- [Material provided]
+ + +
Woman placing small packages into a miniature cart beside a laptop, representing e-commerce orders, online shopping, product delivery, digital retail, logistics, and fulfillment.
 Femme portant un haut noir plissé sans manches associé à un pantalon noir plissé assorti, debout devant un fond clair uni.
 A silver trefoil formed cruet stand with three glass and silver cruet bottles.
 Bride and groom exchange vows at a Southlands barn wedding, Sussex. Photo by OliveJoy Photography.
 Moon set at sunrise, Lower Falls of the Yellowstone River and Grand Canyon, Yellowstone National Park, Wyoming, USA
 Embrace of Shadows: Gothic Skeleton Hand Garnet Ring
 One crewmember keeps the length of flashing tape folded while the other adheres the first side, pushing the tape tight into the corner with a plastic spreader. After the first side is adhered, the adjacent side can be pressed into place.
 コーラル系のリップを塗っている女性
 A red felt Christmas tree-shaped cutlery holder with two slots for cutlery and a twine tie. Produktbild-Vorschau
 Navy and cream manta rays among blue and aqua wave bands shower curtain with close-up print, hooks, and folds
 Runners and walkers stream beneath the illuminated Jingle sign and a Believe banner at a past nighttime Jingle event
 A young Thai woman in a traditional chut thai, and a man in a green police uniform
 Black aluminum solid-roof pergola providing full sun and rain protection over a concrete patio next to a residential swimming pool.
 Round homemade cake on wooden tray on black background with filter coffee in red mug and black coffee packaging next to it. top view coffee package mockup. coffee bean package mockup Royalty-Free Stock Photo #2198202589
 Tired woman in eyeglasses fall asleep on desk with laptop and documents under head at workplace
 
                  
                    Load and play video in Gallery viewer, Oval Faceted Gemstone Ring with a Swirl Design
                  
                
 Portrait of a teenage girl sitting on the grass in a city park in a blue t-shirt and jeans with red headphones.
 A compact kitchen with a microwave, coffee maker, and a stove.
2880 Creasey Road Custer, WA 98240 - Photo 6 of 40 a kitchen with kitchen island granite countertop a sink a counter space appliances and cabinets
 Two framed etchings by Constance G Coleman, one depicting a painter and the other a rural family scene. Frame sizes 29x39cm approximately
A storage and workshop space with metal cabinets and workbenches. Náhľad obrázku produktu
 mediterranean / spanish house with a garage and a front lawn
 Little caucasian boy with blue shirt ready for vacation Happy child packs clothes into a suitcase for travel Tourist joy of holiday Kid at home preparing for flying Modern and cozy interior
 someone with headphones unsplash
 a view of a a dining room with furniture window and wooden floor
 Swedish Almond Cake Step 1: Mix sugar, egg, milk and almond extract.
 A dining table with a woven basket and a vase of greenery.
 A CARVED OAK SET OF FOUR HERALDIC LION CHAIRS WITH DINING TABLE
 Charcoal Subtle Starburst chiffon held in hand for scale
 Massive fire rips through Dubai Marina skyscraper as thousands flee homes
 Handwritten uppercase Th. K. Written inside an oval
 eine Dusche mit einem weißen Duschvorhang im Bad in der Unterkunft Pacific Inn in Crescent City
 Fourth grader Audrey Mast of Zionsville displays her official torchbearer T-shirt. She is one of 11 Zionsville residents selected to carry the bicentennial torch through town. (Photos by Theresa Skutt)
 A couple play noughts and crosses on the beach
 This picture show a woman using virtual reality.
+ + +
- [Directions for this task] The word "cabinets" appears in some lines of the listing. Give the number of those lines, and only that.

- [Task output] 2